A fiscal unity for VAT purposes pursuant to § 2 para. 2 no. 2 sentence 1 UStG (“German VAT act”) exists if a legal entity is financially, economically and organizationally integrated into the company of the controlling company according to the overall picture of the actual circumstances.
The financial integration of a legal entity is understood to be the ownership of the majority of shares in the controlled company. Economic integration means that the controlled company has a close economic connection with the company as a whole. Organizational integration requires that the possibility of control of the subsidiary by the parent company associated with financial integration is actually exercised in the day-to-day management. The controlling company must de facto control the controlled company through the manner in which it manages the company and enforce its will in the controlled company.
The fiscal unity has the effect that non-taxable internal services are rendered between the parts of the company located in Germany.
A fiscal unity for VAT purposes is often undesirable because it does not bring any advantages for companies entitled to deduct input tax and makes the controlling company the tax debtor for the entire fiscal unity. This may impose a high risk on him. A further risk can arise from the fact that the VAT fiscal unity is not recognized in practice and thus invoices with VAT are issued which refer to purely internal sales.

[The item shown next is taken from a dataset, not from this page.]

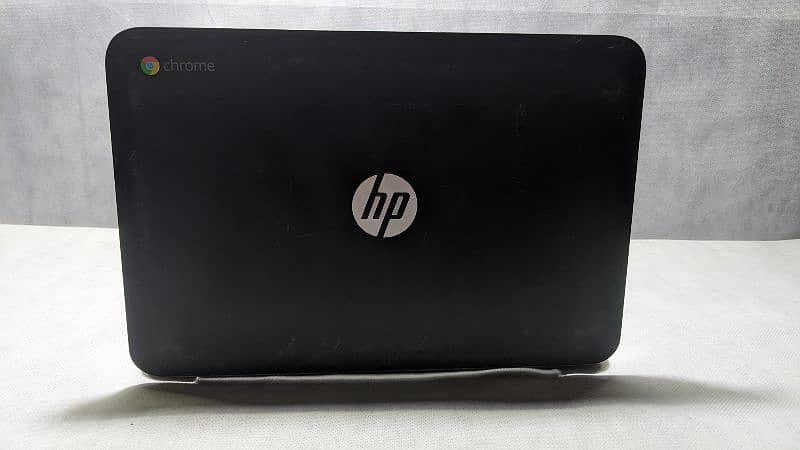 Hp Chromebook 11 G4 2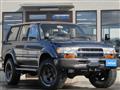 1991 Toyota Landcruiser 80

This leads to the fact that although the VAT of the issuing tax group company is owed, the tax group parent is not entitled to deduct input tax.

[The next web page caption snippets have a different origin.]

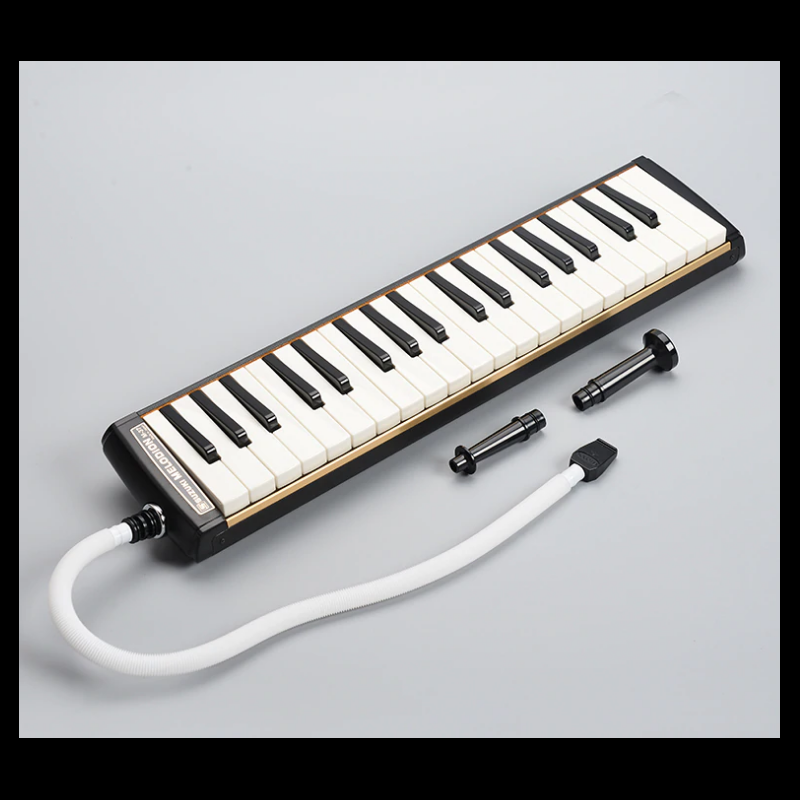 Suzuki M-37C Melodion, Melodica 37 note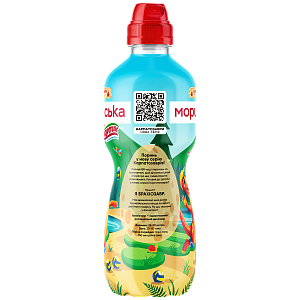 Моршинская Спортик — фото 12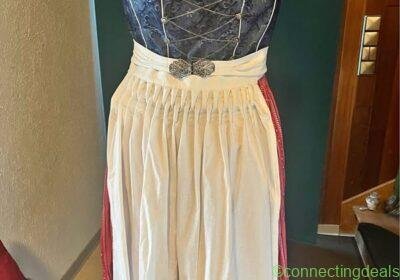 Free ad: Dirndl in Frankfurt. Dirndl in Frankfurt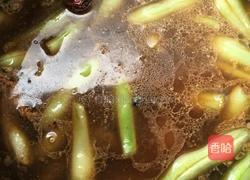 菜和（huo）大米的做法图解7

According to case law and administrative opinion, any company can be the controlling company, regardless of whether it is a partnership or a corporation.
However, according to the German view, the controlled company must be a corporation.
The ECJ does not follow the argumentation that the existence of the integration characteristics cannot be determined with legal certainty in the case of partnerships, since changes to the voting rights could also be agreed orally.
Also according to Art. 11 (2) VAT Directive, the legal form restriction for controlled companies is not to be regarded as a necessary measure to avoid tax evasion and avoidance.
The ECJ found that the general exclusion of partnerships as controlled companies is disproportionate and constitutes a violation of the principle of neutrality.
Accordingly, the ECJ ruled in its judgment of 15.4.2021 that the legal form restriction for controlled companies is contrary to Union law.